Another great question mark remains around data storage. While servers used to be found on-site in the computer room, a company's data could be stored anywhere across the globe. And just how secure is access? "Tying in all these strands is identification and authentication; how do you really know who is connecting to your company systems? Are competitors accessing your data? Or are people stealing your data and doing malicious things, taking your clients' identities, products, services or IP?" says Mackay.
Given the potential impact on corporate value, the threats for private equity are very real. "On day one of any transaction, private equity players are eyeing an exit – that's one thing they are crystal clear about; they know what the end game is and how they want it to turn out. Intellectual property walking out the door is an area that could totally derail a transaction, or the value of the transaction," says Martin Tyley, partner at KPMG and head of the cyber security practice in the UK regions.
IP addressed
Backing smaller businesses with unique, innovative technologies is the asset class's bread and butter. Indeed, competitive and economic advantage is often derived from long-term investment. Intellectual property must therefore be safeguarded or companies risk unwittingly sharing the secrets of success with a competitor, reducing returns for private equity backers. With so many parties privy to sensitive information such as commercial data, intellectual property and client information – not to mention pricing in a private equity transaction, including audit, due diligence and legal professionals – one weak link could corrupt the entire chain. And professionals across the industry, from private equity firms to associations, are waking up to the dangers.
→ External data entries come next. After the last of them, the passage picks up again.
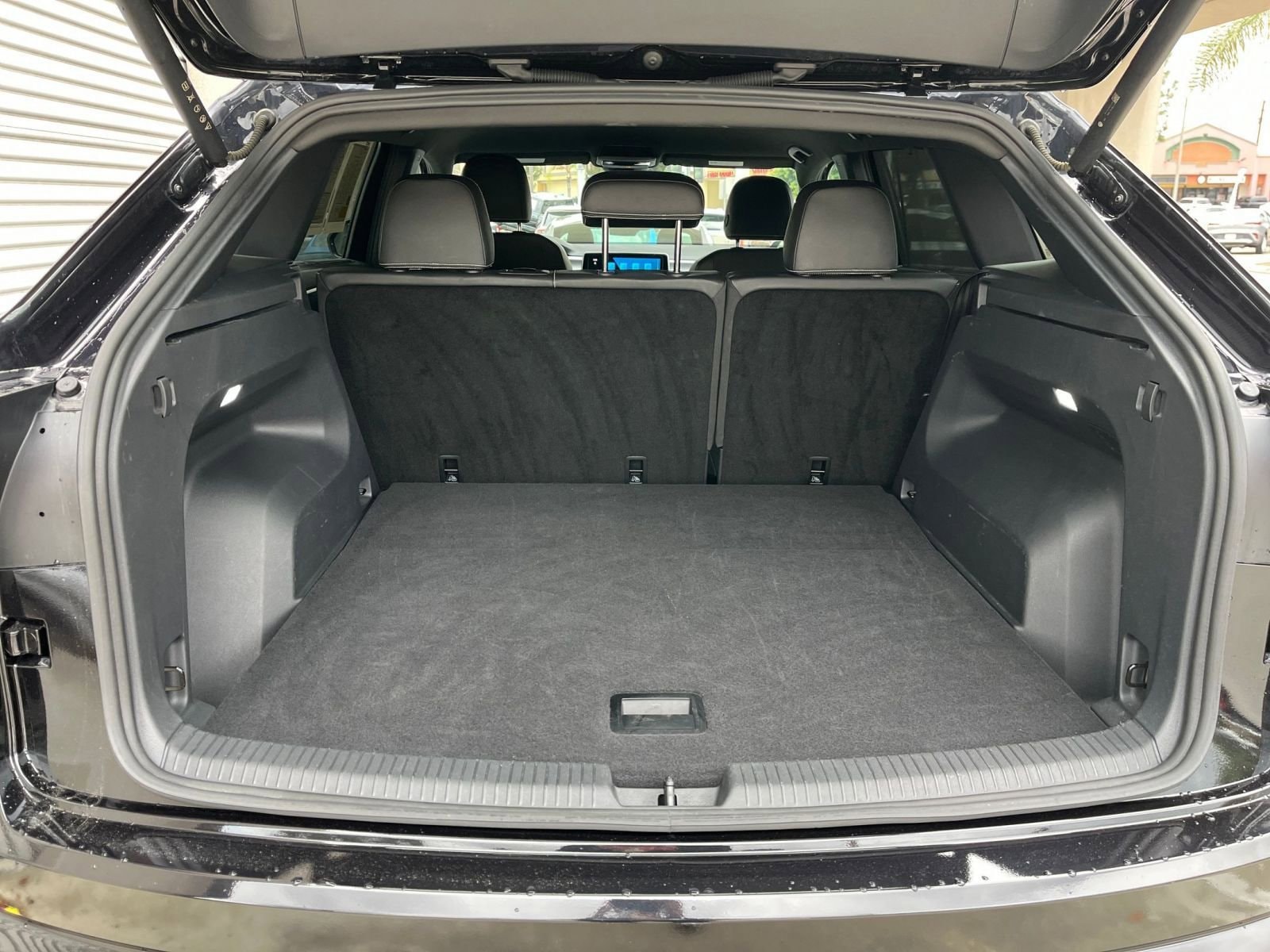 Thumbnail: 2025 Volkswagen Atlas - 31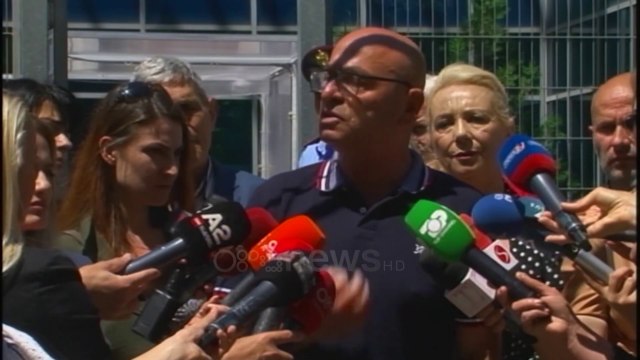 Ora News - Aleanca për Teatrit kallëzim në SPAK për Veliajn, Leshajn dhe Ardi Veliun: Të arrestohen!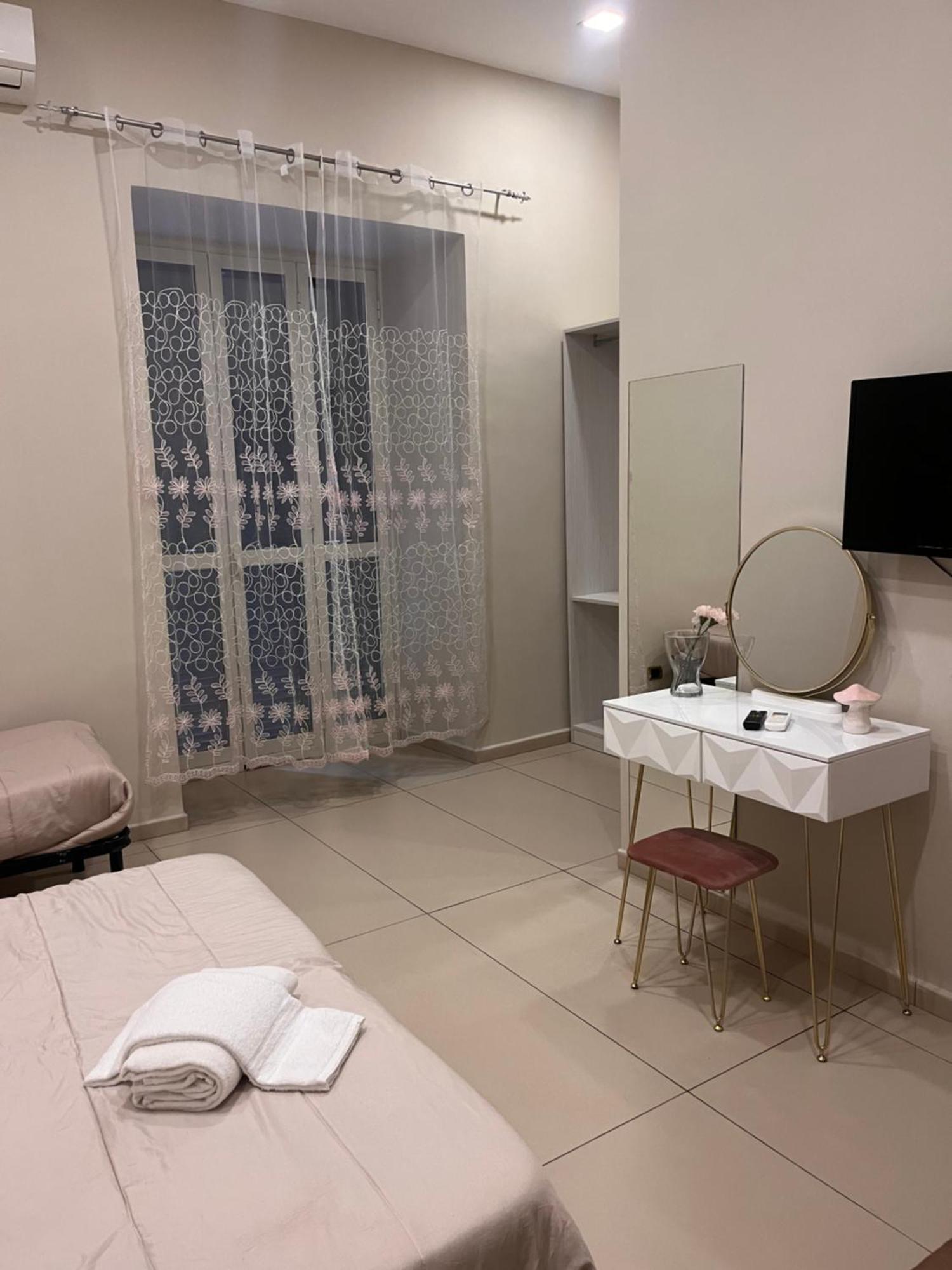 Oceania Hotels Napoli Luaran gambar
Earlier this year, the ICAEW joined the Cyber-security Information Sharing Partnership, set up by the Cabinet Office as part of the government's campaign to make UK businesses safer in cyberspace in partnership with GCHQ and the National Crime Agency. "The NSA has not done what GCHQ and the Cabinet Office did in terms of reaching out to the finance-raising and banking community, saying something needs to be done. What we have done in the UK is unparalleled. The ICAEW has sent copies of the faculty's Cyber Security in Corporate Finance to various agencies and regulatory bodies in the US," says Petrie.
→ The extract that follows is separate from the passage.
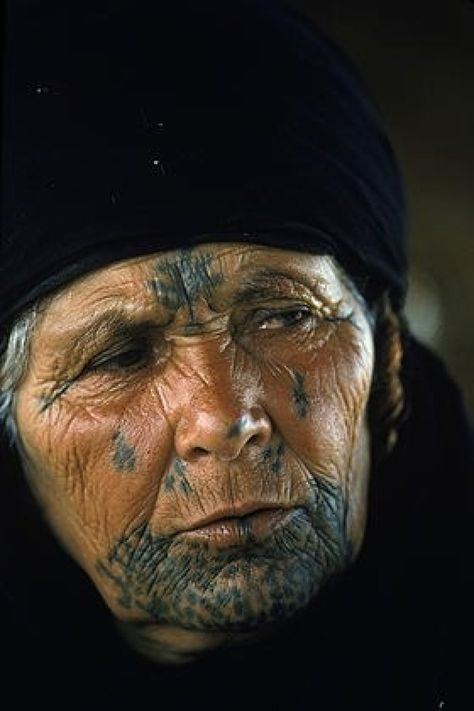 Bedouin Woman, Tattoos Face, Woman Tattoos, Petra Jordan, Facial Tattoos, Adventure Lifestyle, Amman Jordan, We Are The World, Face Tattoo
The representative body for European finance markets recently recommended its members include a review of cyber security on the due diligence checklist. Will private equity follow suit, giving cyber security issues the attention they deserve? According to a survey carried out by PwC and the Confederation of British Industry, 76% of investment managers intend to boost spending to combat cyber security threats in the next 12 months. "The issue is growing in prominence," says Mackay. "I think the investors that concentrate on tech investments understand it. But perhaps with investors that invest in more traditional organisations the whole thing isn't such a great concern of theirs in terms of security leakage and potential loss of valuation. But it should be." Industry consciousness may have awoken, but will it react quickly enough?